Flavie Léger-Roy
Boutures
- Indépendant
- 2026
- 35 minutes
Même si le nom de Flavie Léger-Roy vous est inconnu, en entendant la partition qu’elle chante sur Corps fou, il vous faudra moins de trois minutes pour réaliser que vous avez affaire à une artiste qui n’en est pas à ses premières armes dans le monde de la composition. C’est un véritable tourbillon mélodique, aussi imprévisible qu’envoûtant, et, sans hésiter, vous plongerez avec elle. La chanson qui suit, Grand vacarme, confirmera vos intuitions. Commençant sur un doux picking de guitare acoustique agrémenté de subtils effluves de violoncelle, elle culmine pas à pas vers une finale des plus envoûtantes.

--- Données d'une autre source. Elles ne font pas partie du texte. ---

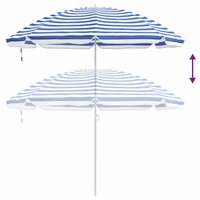 Tuinparasol 263 x 263 x 272 cm 170T polyester Blauw en Wit 7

En lisant la bio de l’artiste, vous constaterez qu’elle est effectivement une autrice-compositrice-interprète aguerrie. Dans le métier depuis plus de 20 ans, elle enseigne l’écriture de chansons à l’UQAM, et fait partie du groupe country-folk Les Bouches Bées, ainsi que du trio rock PRINCESSES. Elle avait déjà trois albums solos à son actif, dont Ce chapeau est trop grand pour moi qui lui a valu une nomination au Prix de musique folk canadienne.

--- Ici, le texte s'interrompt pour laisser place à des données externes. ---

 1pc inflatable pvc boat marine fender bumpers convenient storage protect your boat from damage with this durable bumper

Dans son quatrième opus, Flavie Léger-Roy rend hommage à sa grand-mère et nous raconte des histoires émouvantes traitant du terroir et de l’histoire du Québec. Les références à la musique traditionnelle sont omniprésentes à travers l’œuvre, et l’habillage musical évoque lui aussi nos racines. Pour mener à bien son projet, l’artiste s’est entourée d’une équipe de circonstance composée notamment de Blanche Baillargeon à la contrebasse, Dâvi Simard au violon, et Cédric Dind-Lavoie au piano.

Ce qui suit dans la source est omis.